Note: due to the massive datasets involved, some of these images are extremely long, and their details may be better viewed by opening them in a separate browser window.
server_usage shows around 1200 servers, focusing on their load over a minute. Lines with the same slope and undulations indicate a number of machines (most likely) carrying out the same task for the same company, indicating how coordinated much of this processing is.
server_memory is more of a heatmap using the same data, with hotter colors indicating closer to 100% memory use. Of note here is how on the one hand, a significant portion of the cluster is ‘always on’ and intensively processing, while on the other hand, a huge number of machines have low or very inefficent use throughout the day.

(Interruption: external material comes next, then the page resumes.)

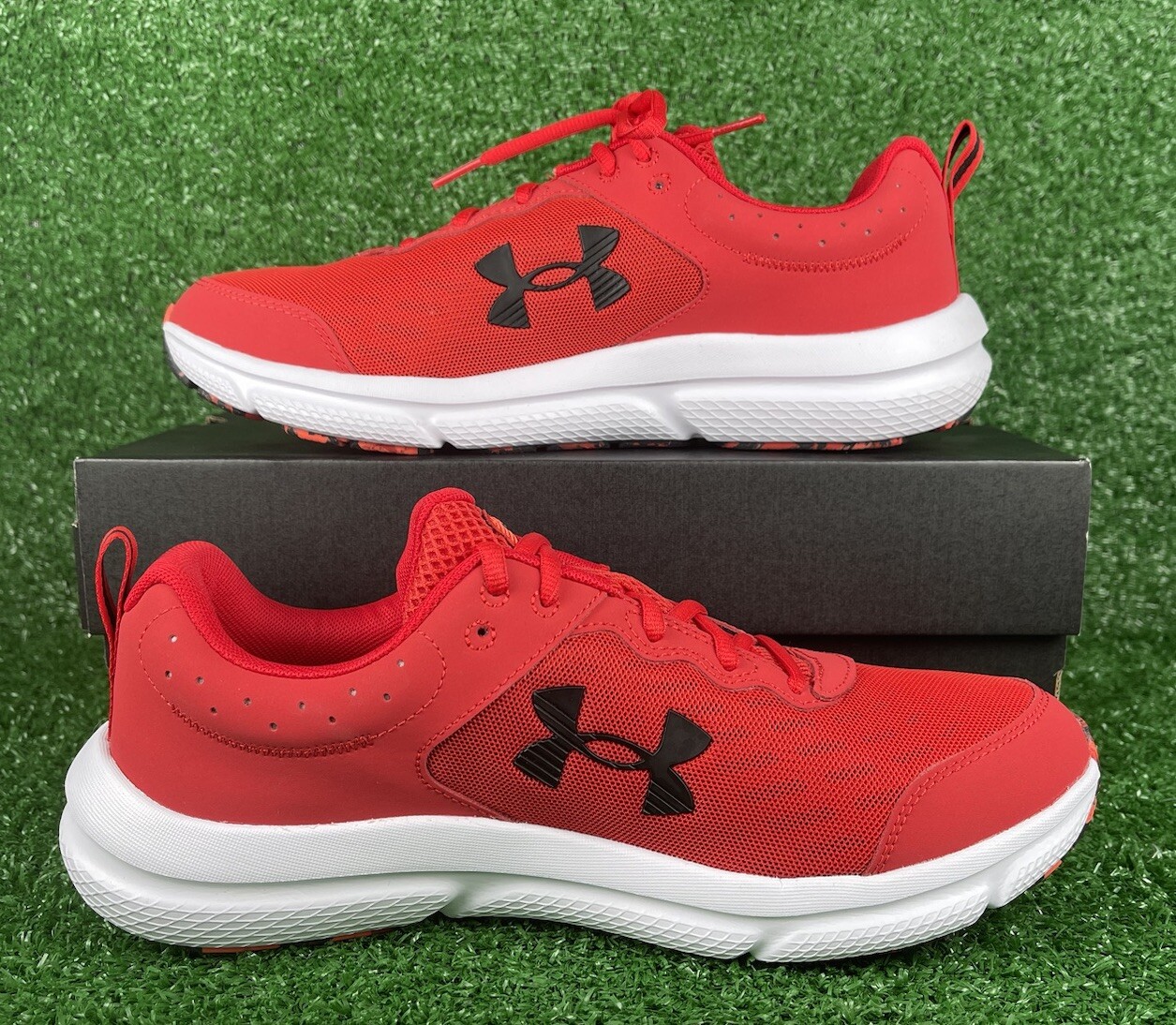 Under Armour Men’s UA Charged Assert 10 Shoes Casual 3026175-600 Red Size 9.5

batch_task draws on another much larger dataset of 13000 ‘jobs’ carried out by alibaba servers over the same period. It shows when jobs start and stop throughout the day. Long lines indicate long running jobs that may take hours to finish. Shorter ‘cascades’ or ‘waterfalls’ indicate machines moving through a series of shorter jobs.
cpu_core shows the cpus assigned to jobs over the 12 hour period. In this cluster, a job can be assigned to any one of 64 total machines. In practice, jobs are typically assigned to 4 or 8 cpus at a time, indicated by 4 or 8 lines next to each other. Alibaba attempts to balance cpu load by allocating jobs to cpus not in use. A ‘perfectly’ load balanced cluster strives to equally allocate jobs across the cluster, giving new jobs to unused cpus – in this visualization, to never have repeating lines. The visualization indicates instead that some cpus are selected repeatedly over the 12 hour period, showing up as thicker lines.

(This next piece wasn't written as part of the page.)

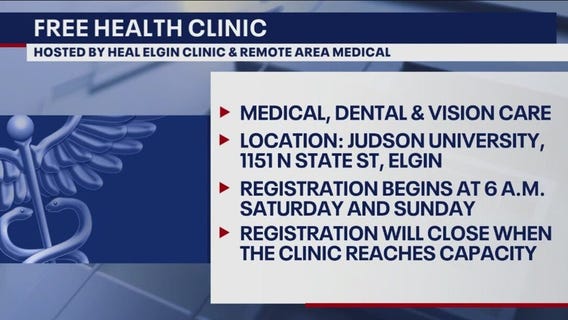Elgin offering free health clinic this weekend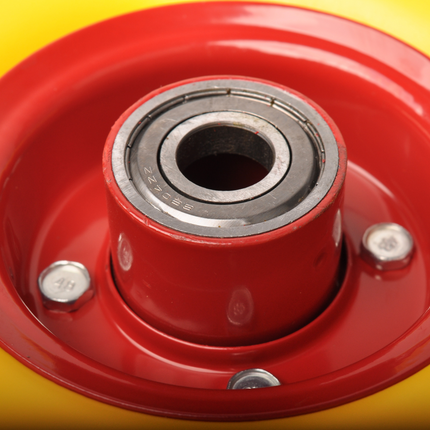 Cantonal Set van twee premium 3.00-4 steekwagenwielen - anti lek - naafdiameter: 20 mm - naaflengte: 75 mm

instance_status focuses on the status of 1 million Alibaba instances over time. Each pixel is one instance. Ready and Waiting instances are displayed in grey, Running in green, Terminated and Failed in red, and Cancelled and Interrupted in orange. While green dominates the image, indicating that most instances complete with no issues, a number of red and grey dots also show that waiting and failed instances are not uncommon.
mpki is a relatively technical interrogation that focuses on an industry metric termed missed-predictions-per-thousand (k)-instructions, or mpki. It refers to the ability of a processor to carry out branch prediction. In order to achieve optimal processing, this number should be as close to zero as possible. The color scheme here ranges from blue to pink, using a scale of 0 – 20 mpki. The sea of blue in the image thus indicates very low misses and high processor performance. Yet the dappled pink dots interspersed throughout show that processing is not perfect, and up to 20 predictions per 1000 can be missed at times.

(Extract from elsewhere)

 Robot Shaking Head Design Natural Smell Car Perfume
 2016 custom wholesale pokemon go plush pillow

The images below take two forms: dashboards and DCIM. Dashboards are used by cloud providers such as Amazon Web Services and Microsoft Azure to show customers the instances they are using, the costs they are incurring, the status of particular jobs, and so on. DCIM software, by contrast, is the acronym for data center infrastructure management. DCIM is used by data centers to provide them with an overview of their facilities, including temperature, energy input, safety notifications, etc. DCIM software can also be used to test alternate configurations, allowing an engineer, for instance, to test the result of installing new memory or cooling in their cluster before they make the change in the real world.